Requirement:
The entire listing below is to be written out exactly, minus the pictures.

Information shown:
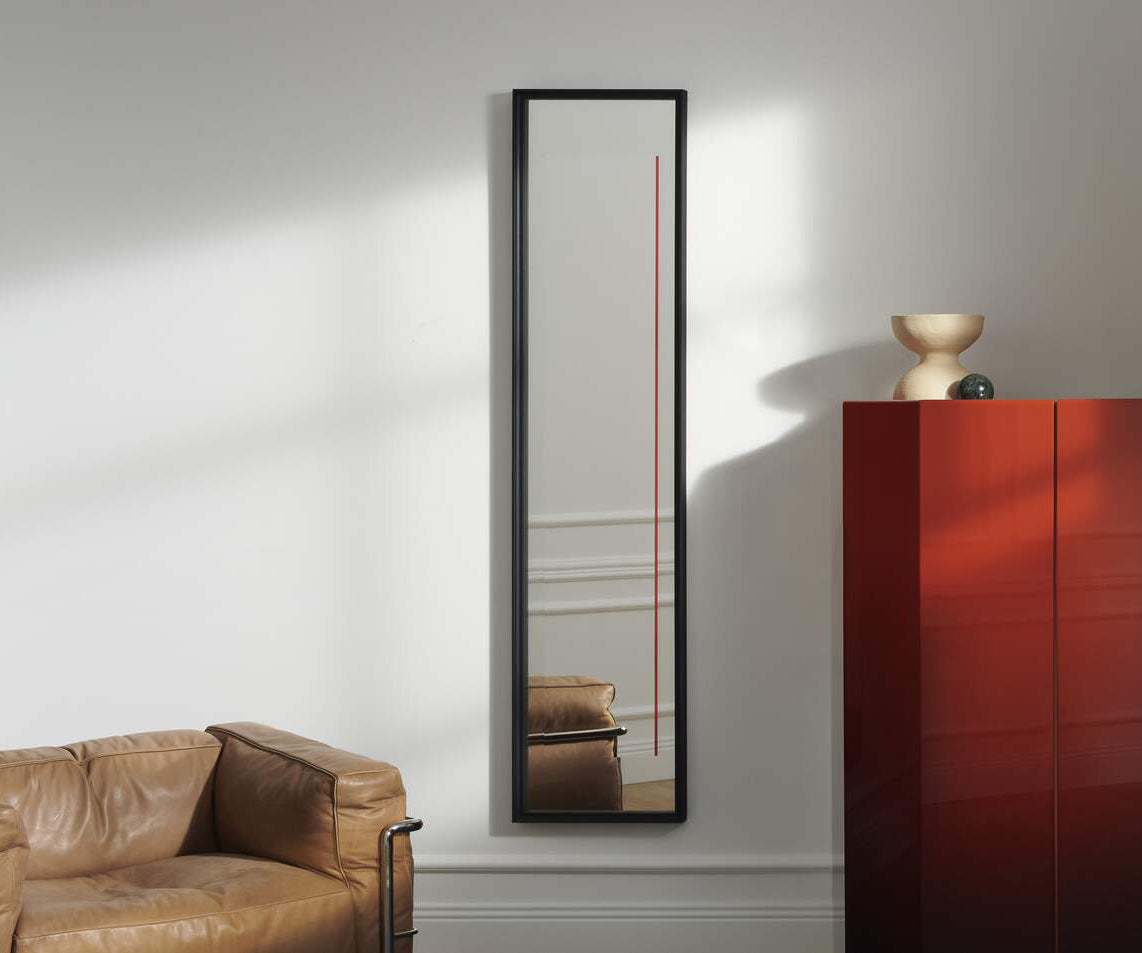 Contemporary Cassina Deadline Mirror with Ash Frame and Graphic Reflections Casa Design Group
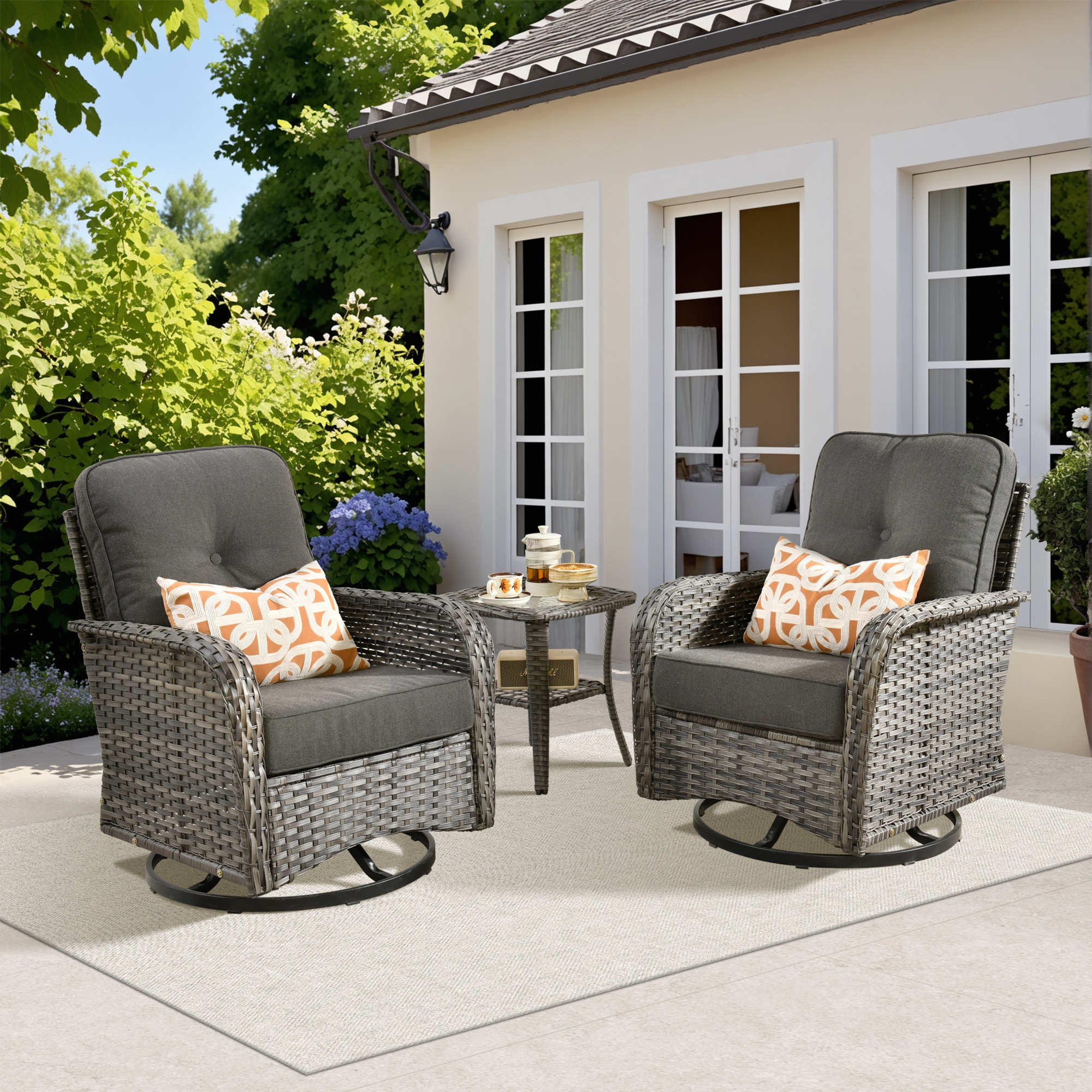 Caodoc L5-GNC103 Golden Rattan Outdoor Sectional with Black Cushions and Rattan Frame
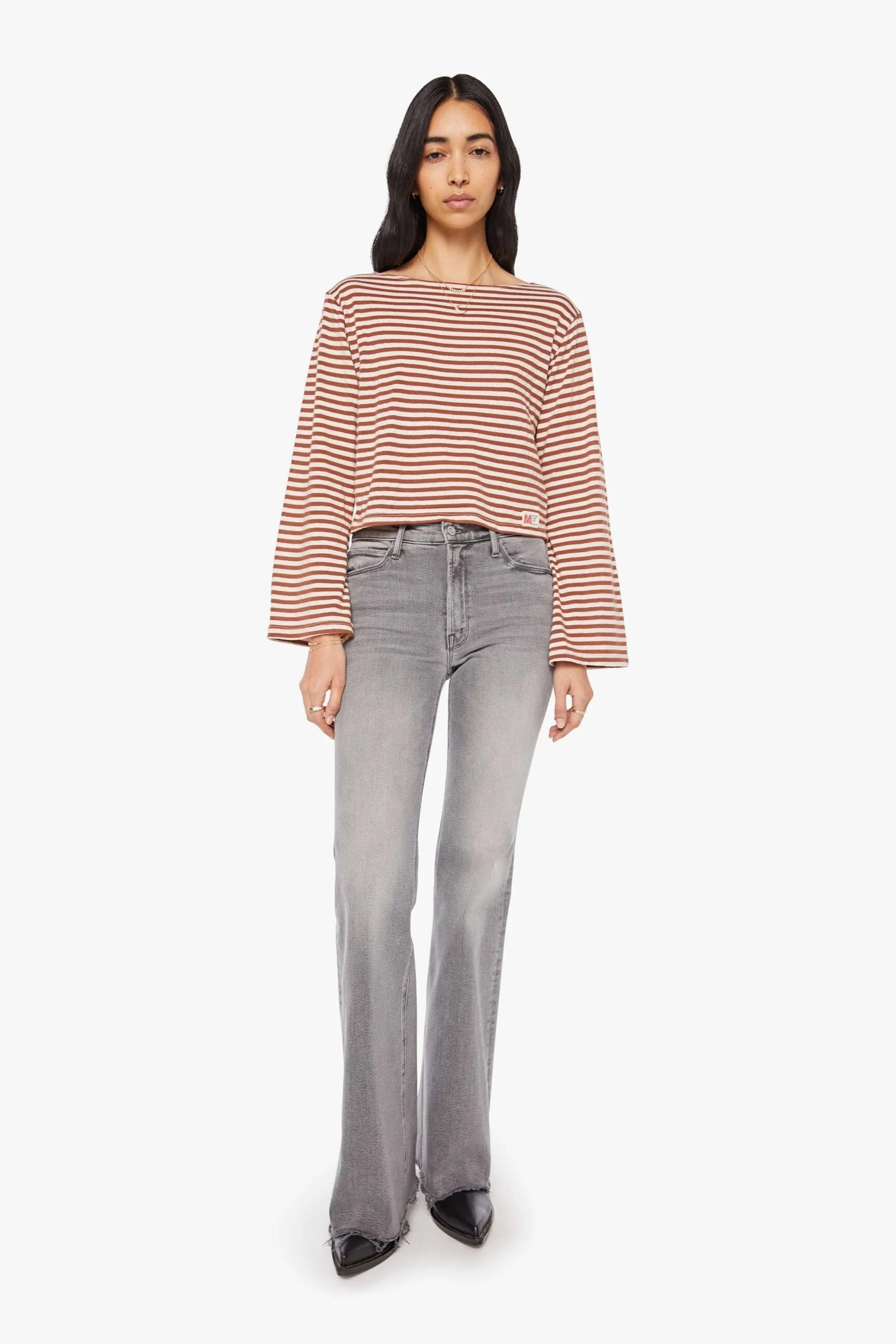 Brown and White Striped Long Bell Sleeve Shirt | Shop Eleanor - Women's Casual and High-quality Clothing in Louisville, CO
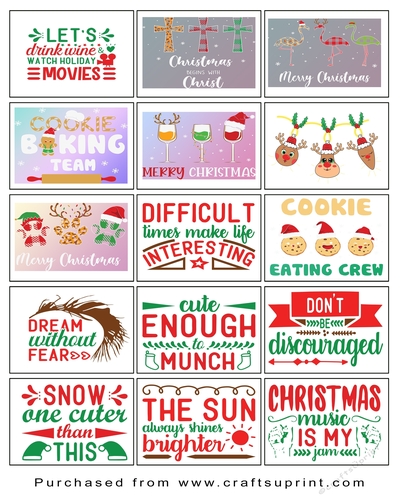 Christmas present Tags/Labels - Various Sayings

Result below:
 Contemporary Cassina Deadline Mirror with Ash Frame and Graphic Reflections Casa Design Group
 Caodoc L5-GNC103 Golden Rattan Outdoor Sectional with Black Cushions and Rattan Frame
 Brown and White Striped Long Bell Sleeve Shirt | Shop Eleanor - Women's Casual and High-quality Clothing in Louisville, CO
 Christmas present Tags/Labels - Various Sayings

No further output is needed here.